Os Muros e Costa

Para os comunistas portugueses a queda do Muro de Berlim, que epigrafou a queda do comunismo soviético, tem uma ressonância "trágica". Confessam-no abertamente no seu longo e precioso (pelos saborosos atavismos que encerra) programa político.  «A luta pelo socialismo no mundo sofreu ao findar o século XX derrotas de trágicas consequências para a luta dos trabalhadores e dos povos contra todas as formas de exploração e opressão, com a desintegração da URSS e dos regimes existentes nos países do Leste da Europa», lê-se no programa do Partido Comunista. Os comunistas portugueses identificam 'os desvios' que conduziram ao monumental desaire histórico (o excessos centralistas, a burocracia, o autoritarismo, o "centralismo burocrático"), mas mantêm-se fieis a uma análise clássica, onde as relações de produção bloqueiam o desenvolvimento das força produtivas (sic, é o que lá se lê).

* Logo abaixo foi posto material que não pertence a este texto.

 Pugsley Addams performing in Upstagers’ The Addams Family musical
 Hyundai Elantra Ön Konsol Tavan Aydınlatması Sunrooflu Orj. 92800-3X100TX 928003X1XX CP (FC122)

O horizonte para as sociedades e para a espécie humana continua igual: uma sociedade comunista, onde não se chega apenas através do palco parlamentar. Os comunistas permanecem religiosamente fieis aos princípios e objectivos da revolução de 1917. São uma relíquia política. E, a eles, dói-lhes o derrube de muros.

Ora, o derrube de um muro, que colocava em Portugal a esquerda do PC do lado oposto ao da governação, foi o festejado pelo primeiro-ministro que fez a opção política de se aliar aos partidos à sua esquerda para chegar ao poder. Um apoio que, após a maioria relativa obtida pelos socialistas nas últimas eleições (um relativo malogro, pois esperavam já então alcançar a maioria absoluta), ficou reduzido a um entendimento entre eles e os comunistas a propósito do Orçamento de Estado. E que falhou. Falhou porque António Costa se enganou-se ou quis enganar-se: é que o Muro de Berlim foi derrubado para pôr fim ao comunismo, não para reabilitá-lo. 

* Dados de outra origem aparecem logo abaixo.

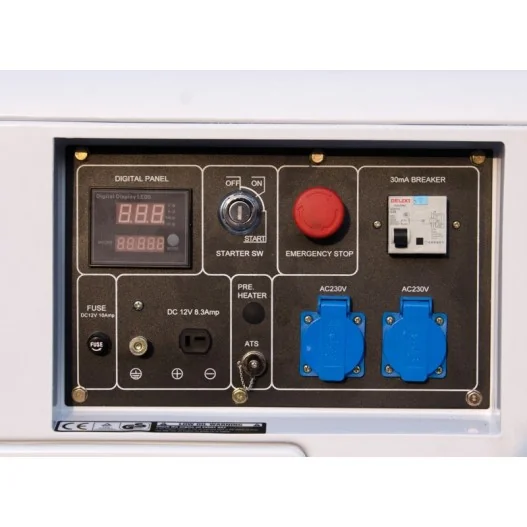 DG6000SE Generador diesel ITCPower... DG6000SE Generador diesel ITCPower...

É que os comunistas estarem-se marimbando para cumprir os compromissos estabelecidos com a União Europeia, é algo perfeitamente natural dada a sua posição declaradamente anti-UE e é apenas um pormenor num erro gigantesco de orientação política. Um erro que supostamente teria um custo eleitoral muito elevado. Mas possivelmente não vai ter.